Begin your copy at the line holding "Cama Montessori individual" and end it at the last line of the listing. Keep every line exact and leave out the pictures.

§ **Provided data**:
——————————

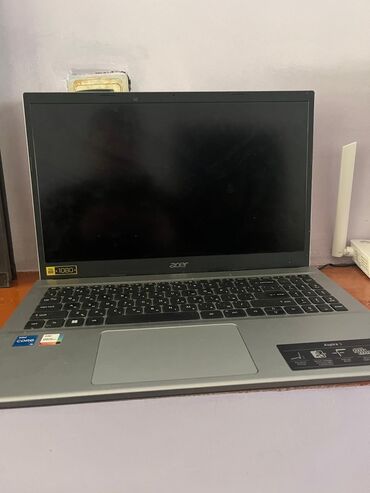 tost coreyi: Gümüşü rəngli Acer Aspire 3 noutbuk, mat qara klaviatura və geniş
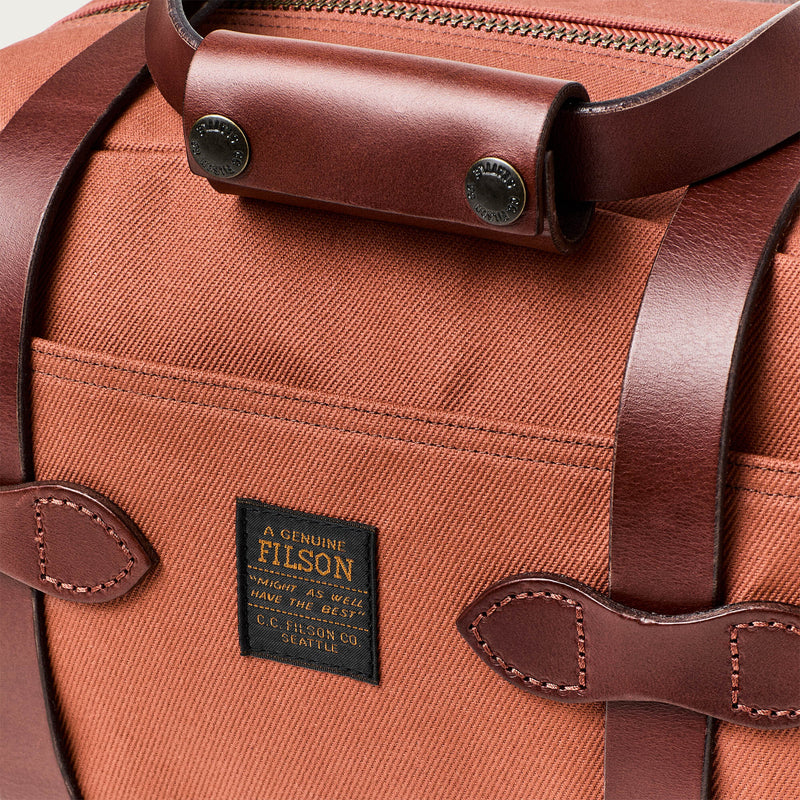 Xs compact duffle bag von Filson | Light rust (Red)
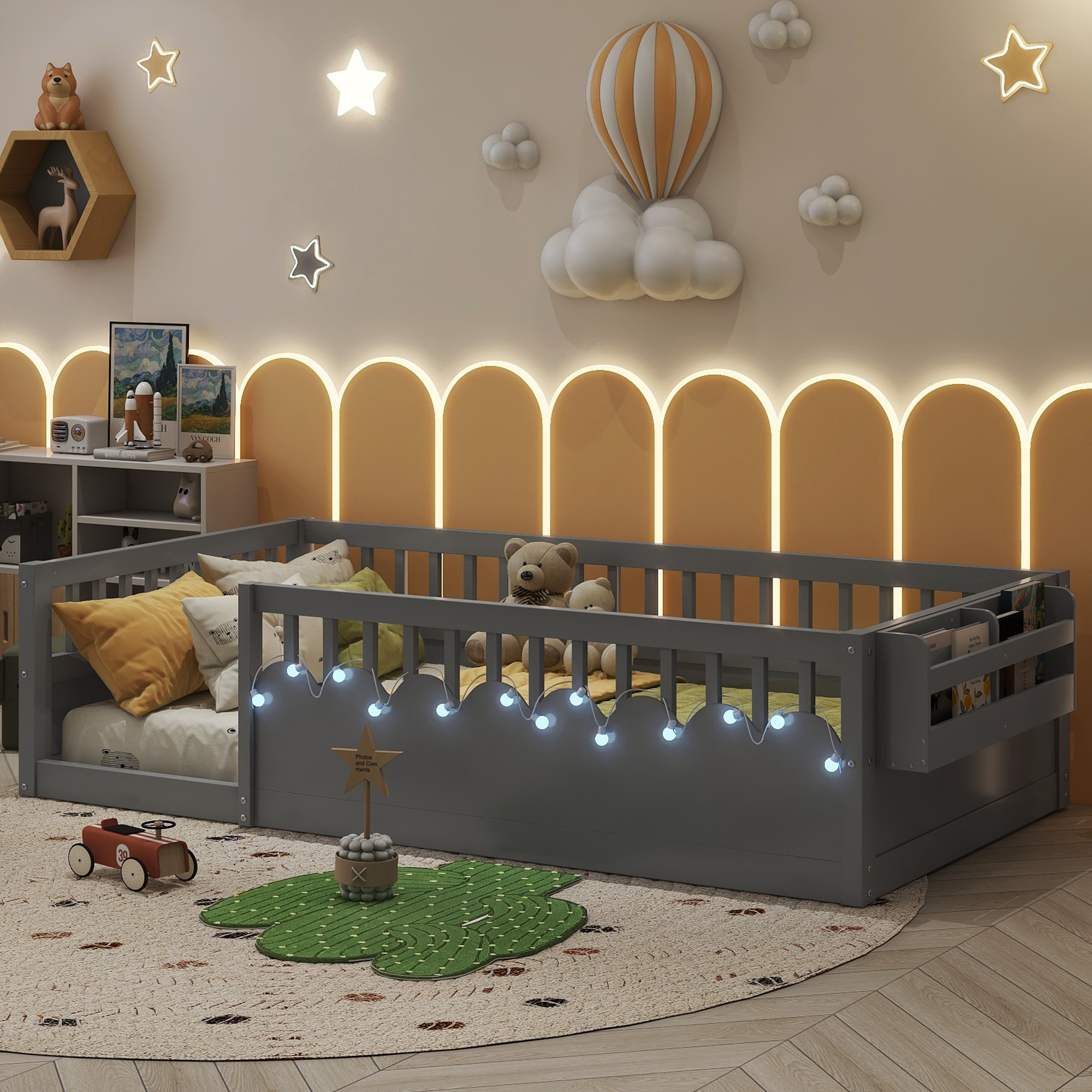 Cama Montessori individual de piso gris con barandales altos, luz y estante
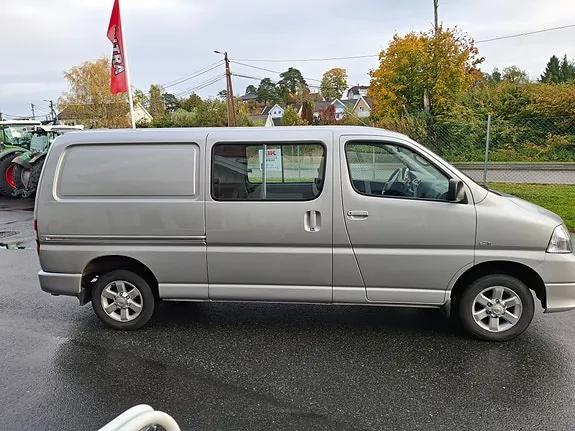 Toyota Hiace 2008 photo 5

——————————

§ **Exercise solution**:
 Cama Montessori individual de piso gris con barandales altos, luz y estante
 Toyota Hiace 2008 photo 5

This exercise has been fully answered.